The “first family” story of Adam, Eve, Cain, and Abel is a difficult one to tell, because both the artists and audience come to it with their religious baggage and their preconceived notions and conclusions as to what the story is about and how relevant or not relevant it is to their life. The characters in this play, including God and Lucifer, I suspect wouldn’t stand up to theological scrutiny by any academics, but are nevertheless wonderfully complex theatrical devices to explore the subject matter this play has to offer. Everyone is in for a surprise as this is not the story they would have learned in Sunday school or Hebrew school. Arthur Miller presents the story turned on its head in a topsy-turvy style, which is why the circus theme seemed even more appropriate. Nothing is quite as it seems in the play and what is right or good comes into question and surprising logic twists sneak up on you before judgement can even be passed. What starts with light hearted humour and buffoonery soon deteriorates into intense drama, questioning, and conflict. I was impressed with how the subject matter and text being written almost five decades ago stands the test of time and is just as relevant to an international audience today, whether the Genesis account is known or not.
This play is a modern parable of humanity, exploring the depths of justice, human motivations and interpretations of the Divine.
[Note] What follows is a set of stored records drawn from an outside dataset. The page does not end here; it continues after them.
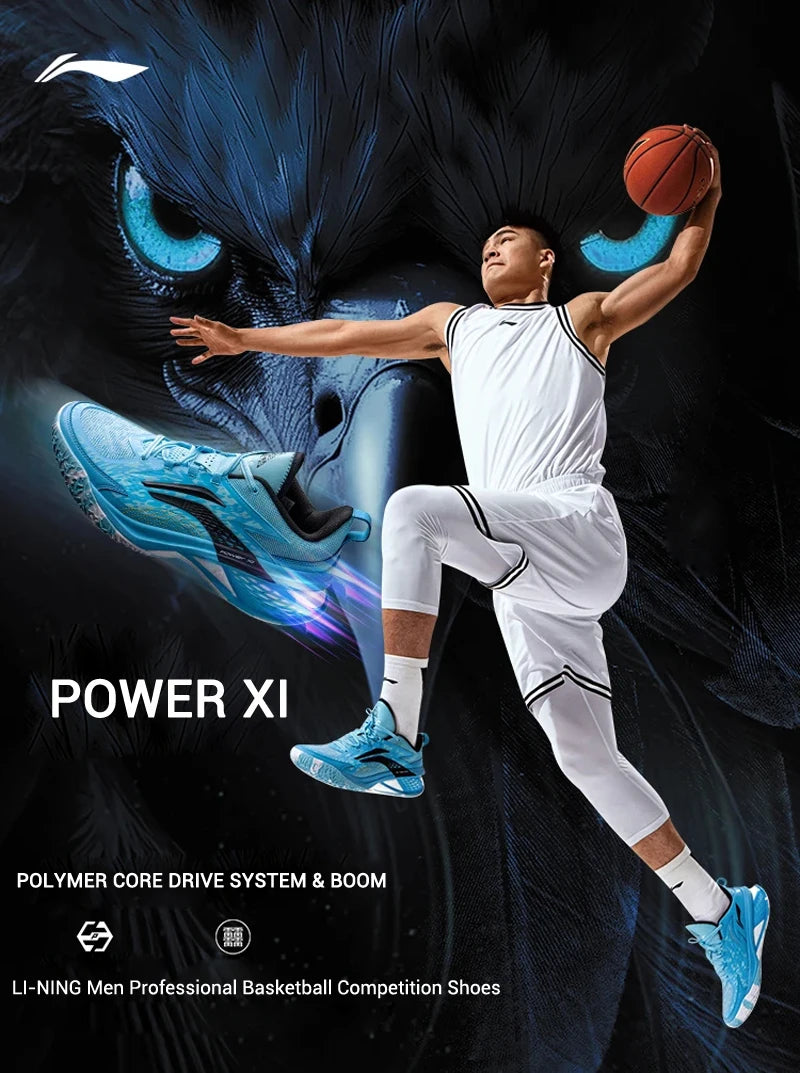 Li-Ning Men's POWER XI Professional Basketball Shoes BOOM Cushion LIGHT FOAM PLUS LiNing Competition Sneakers ABAU055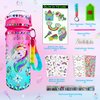 Decorate Your Own Glow in The Dark Water Bottle Kit for Girls, Stocking Stuffers for Girls Ages 4-6-8-10 Year Old, Unicorn Toys, Fun Arts and Crafts Gifts Toys for Girls for Christmas Birthday
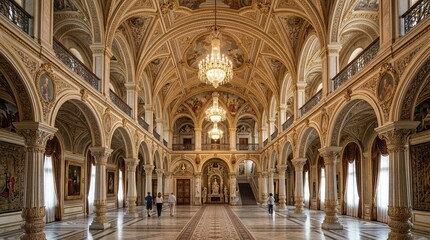 Fototapeta premium A wide symmetrical view of a palace interior hall reveals grand architectural proportions, decorative patterns, and elegant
Miller craftily explores complex ideological, philosophical, and sociological questions to which there still are not complete answers. That is the reason for telling this story, to ask the questions and have the conversation from different perspectives. If everyone wants justice, why do we go on causing further injustice in our pursuit of it? Who is to blame for injustice or the world’s problems? Where does our sense of injustice and need to correct it come from? Where do we get the idea of justice and what are we measuring it by? If God is often presumed in many traditions to be all powerful and ever-loving, why then did he allow for or create the opportunity to do wrong and for injustice to occur? These are just some of the questions I have as I entered the world Arthur Miller created with this fascinating upside down retelling of a familiar story.
9th Hour’s mandate and tradition is to provide opportunities for audiences to participate in discussion with the artists and “expert” guests on some of the subject matter of the theatrical works we present. With this play we have 8 post-show discussions scheduled with some of the performers and a variety of guests, including Rabbi Bulka (580 CFRA radio), Reverend Mark Whittall (St. Alban’s Anglican Church), Imam Mohamad Jebara (Cordova Spiritual Education Center), Alexandra Bender (Masters in Conflict Studies), and Gillian Wallace (PhD in Psychology of Religion). I would encourage you stay for one of these discussions and share your insights and perspectives in conversation with others. It is often a beautiful and sacred experience to openly and respectfully discuss weighty and potentially divisive matters with people of varying beliefs and world views.